■ SOURCE DATA:
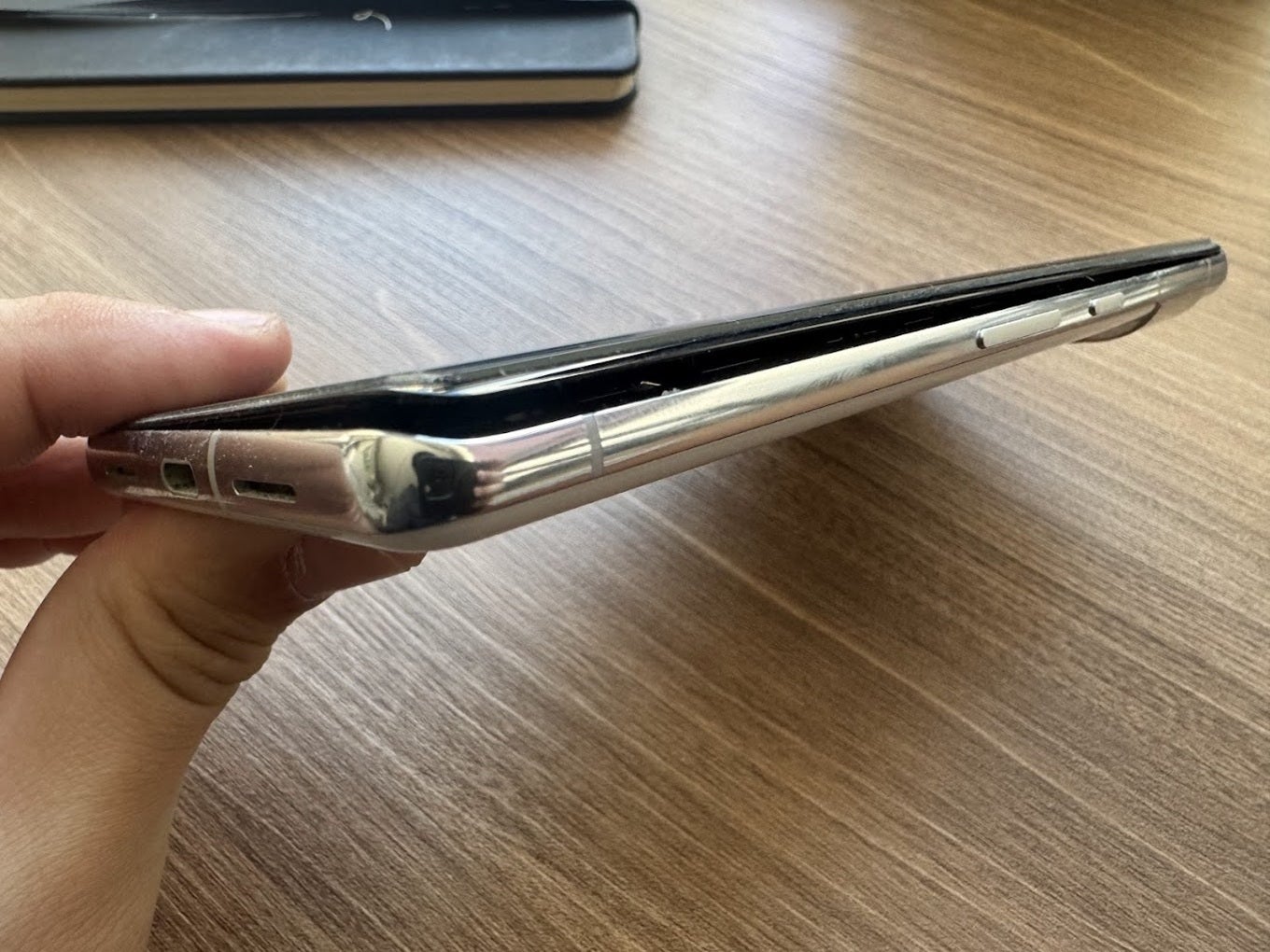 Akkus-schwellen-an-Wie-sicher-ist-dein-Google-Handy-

...

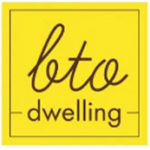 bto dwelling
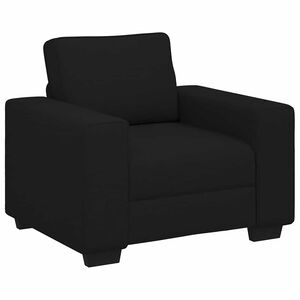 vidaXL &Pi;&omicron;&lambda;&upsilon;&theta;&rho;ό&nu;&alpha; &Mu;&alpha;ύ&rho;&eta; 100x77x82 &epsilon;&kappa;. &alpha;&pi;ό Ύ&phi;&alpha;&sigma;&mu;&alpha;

---

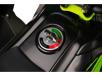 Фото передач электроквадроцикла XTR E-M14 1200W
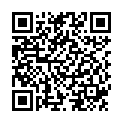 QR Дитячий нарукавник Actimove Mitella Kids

■ DIRECTIONS FOR THIS TASK:
Although the records above contain pictures, the copy should not; retype exactly the lines from the one containing "Фото передач электроквадроцикла" through the one containing "QR Дитячий нарукавник Actimove Mitella Kids".

■ ANSWER TO THIS EXERCISE:
 Фото передач электроквадроцикла XTR E-M14 1200W
 QR Дитячий нарукавник Actimove Mitella Kids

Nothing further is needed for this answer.